La deliberación sobre asuntos de interés público no puede conducirse en espacios en los que bloqueamos la posibilidad de disentir y tampoco puede llevarse a cabo cuando estamos más preocupados por proteger nuestras convicciones que por escuchar o aprender algo nuevo.
Si lo piensan con detenimiento, asuntos como los cuestionamientos a Epsy Campbell por los nombramientos realizados, el intento de asalto al BAC —en el que se difundió que uno de los asaltantes contaba con beneficios carcelarios— o incluso el despido de un humorista de televisión por un chiste que se reprodujo mal —el original también era repudiable, pero el asunto tomó otras dimensiones por la forma en que se difundió— , son algunos ejemplos que comparten entre sí haber sido objeto de debates acalorados y hay que decirlo, bastante agresivos, con la particularidad de que en casi todos los casos, había información inexacta o incompleta.

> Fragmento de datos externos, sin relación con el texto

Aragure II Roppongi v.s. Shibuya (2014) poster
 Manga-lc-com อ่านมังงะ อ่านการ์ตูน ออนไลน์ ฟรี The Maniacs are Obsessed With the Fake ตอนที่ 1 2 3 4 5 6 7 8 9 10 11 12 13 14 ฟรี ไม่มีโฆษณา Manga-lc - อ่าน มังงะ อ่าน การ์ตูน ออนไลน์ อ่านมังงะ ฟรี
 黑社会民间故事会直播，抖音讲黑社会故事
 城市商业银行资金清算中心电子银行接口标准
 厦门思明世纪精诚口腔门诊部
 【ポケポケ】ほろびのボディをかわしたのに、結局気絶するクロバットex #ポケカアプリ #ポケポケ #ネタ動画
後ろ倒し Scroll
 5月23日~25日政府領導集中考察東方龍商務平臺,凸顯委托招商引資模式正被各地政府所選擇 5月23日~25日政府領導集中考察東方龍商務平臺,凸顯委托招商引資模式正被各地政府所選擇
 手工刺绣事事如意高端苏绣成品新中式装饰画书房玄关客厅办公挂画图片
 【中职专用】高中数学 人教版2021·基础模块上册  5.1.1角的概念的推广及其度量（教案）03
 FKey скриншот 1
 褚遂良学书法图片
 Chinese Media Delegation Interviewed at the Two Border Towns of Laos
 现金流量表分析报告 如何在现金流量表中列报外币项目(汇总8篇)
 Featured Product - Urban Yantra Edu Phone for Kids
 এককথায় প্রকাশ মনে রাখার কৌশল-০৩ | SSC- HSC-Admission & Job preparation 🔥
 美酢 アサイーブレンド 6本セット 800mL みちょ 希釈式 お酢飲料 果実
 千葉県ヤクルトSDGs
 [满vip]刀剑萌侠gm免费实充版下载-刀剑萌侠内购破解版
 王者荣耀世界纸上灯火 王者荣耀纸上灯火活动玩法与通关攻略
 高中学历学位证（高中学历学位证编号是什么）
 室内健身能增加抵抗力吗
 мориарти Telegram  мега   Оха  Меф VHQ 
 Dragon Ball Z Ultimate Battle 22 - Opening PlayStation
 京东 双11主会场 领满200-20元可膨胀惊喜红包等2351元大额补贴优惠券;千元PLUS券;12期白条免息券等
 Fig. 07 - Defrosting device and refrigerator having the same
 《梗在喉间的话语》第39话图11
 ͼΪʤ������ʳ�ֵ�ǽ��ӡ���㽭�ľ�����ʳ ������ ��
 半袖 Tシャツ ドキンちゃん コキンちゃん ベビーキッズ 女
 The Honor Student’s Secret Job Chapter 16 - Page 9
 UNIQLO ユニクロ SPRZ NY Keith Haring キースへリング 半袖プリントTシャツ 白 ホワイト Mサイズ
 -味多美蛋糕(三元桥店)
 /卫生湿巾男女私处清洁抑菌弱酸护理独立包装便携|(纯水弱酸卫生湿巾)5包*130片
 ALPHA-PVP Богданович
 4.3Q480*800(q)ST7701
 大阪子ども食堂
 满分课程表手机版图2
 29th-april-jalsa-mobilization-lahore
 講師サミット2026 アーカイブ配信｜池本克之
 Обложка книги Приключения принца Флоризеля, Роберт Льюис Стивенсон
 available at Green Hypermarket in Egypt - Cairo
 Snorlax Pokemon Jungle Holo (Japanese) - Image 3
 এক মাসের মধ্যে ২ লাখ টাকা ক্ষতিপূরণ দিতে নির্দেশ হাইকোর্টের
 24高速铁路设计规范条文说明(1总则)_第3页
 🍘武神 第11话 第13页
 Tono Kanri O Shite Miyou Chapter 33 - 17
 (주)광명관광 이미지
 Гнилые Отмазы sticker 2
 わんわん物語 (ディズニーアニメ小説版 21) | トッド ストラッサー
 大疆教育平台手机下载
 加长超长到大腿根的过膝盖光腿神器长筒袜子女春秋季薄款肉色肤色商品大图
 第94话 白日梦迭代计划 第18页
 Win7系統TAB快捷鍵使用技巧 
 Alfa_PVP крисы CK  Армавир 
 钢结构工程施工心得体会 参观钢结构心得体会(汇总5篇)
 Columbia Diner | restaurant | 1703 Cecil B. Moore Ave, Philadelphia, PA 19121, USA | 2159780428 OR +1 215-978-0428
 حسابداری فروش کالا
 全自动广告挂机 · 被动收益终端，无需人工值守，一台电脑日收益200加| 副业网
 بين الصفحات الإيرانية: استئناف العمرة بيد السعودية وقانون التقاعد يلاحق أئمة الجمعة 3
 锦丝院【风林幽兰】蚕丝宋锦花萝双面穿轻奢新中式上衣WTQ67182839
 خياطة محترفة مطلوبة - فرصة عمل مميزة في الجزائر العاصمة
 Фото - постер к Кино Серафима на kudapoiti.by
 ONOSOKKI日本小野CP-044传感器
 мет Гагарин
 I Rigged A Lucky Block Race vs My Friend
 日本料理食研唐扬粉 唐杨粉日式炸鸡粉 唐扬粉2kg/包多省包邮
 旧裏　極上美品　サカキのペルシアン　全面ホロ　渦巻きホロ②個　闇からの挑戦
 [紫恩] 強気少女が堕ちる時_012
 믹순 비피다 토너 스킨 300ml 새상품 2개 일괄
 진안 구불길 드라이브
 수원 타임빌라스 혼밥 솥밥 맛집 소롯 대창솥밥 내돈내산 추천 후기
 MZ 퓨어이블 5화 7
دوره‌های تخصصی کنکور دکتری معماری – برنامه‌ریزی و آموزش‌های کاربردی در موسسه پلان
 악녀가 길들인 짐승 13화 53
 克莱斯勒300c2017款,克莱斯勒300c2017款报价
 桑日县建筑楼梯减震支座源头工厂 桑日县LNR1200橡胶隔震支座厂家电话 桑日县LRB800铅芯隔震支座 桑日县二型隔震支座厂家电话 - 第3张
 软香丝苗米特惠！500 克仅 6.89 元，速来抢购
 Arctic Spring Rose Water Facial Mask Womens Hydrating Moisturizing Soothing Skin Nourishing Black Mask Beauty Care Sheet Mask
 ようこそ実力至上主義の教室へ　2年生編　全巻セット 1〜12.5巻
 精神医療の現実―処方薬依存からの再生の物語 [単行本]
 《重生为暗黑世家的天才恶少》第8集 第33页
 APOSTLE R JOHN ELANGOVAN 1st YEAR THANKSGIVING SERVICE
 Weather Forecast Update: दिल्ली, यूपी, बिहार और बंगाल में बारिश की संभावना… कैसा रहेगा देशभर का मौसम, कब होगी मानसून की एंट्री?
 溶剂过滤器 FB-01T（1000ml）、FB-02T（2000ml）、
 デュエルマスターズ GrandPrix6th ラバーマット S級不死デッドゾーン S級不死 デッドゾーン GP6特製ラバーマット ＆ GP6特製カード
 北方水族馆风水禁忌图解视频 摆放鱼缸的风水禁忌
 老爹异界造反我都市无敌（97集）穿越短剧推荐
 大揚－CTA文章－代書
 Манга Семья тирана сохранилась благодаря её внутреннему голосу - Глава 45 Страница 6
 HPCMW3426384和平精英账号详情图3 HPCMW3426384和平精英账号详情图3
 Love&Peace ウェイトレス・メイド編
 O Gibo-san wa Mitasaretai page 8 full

Exacerbados por imponer nuestro criterio y urgidos por señalar un culpable, ya habíamos linchado a los personajes de estos acontecimientos y arremetido contra todo aquel que no estuviera de acuerdo con nosotros, cuando apareció información nueva, que en algunos casos, podría haber modificado lo que apresuradamente dijimos en redes con motivo del debate.
Si este sesgo ya es de por sí inquietante, el hecho de que seamos incapaces de reconocer cuando estábamos equivocados o divulgamos información imprecisa, augura un escenario pesimista si realmente nos preocupa la calidad del debate público.
Tenemos entonces dos grandes desafíos. Uno tiene que ver con entender que, aquella comunidad imaginada, en la que todos opinan igual que yo, es un espejismo y por otra parte, que estar expuestos a ideas distintas a las nuestras es enriquecedor, y que por lo tanto, no hay razón alguna para atropellar u ofender al otro para expresar nuestro desacuerdo. Tenemos que ser capaces de construir un argumento lógico e iniciar un debate a partir de eso.
Aunado a esto, entendiendo que estamos expuestos a un mar de contenidos en el que también hay mucha información falsa, nos corresponde hacer un esfuerzo de verificación antes de divulgar opiniones que lejos encauzar el debate, solo atizan las llamas.
El sociólogo Zygmunt Bauman señalaba que el diálogo real, no es hablar con los que piensan lo mismo que nosotros, sino que es necesario salir de nuestras zonas de confort y ampliar nuestra perspectiva. En definitiva, un debate de altura implica comprender que la nuestra no es la única voz.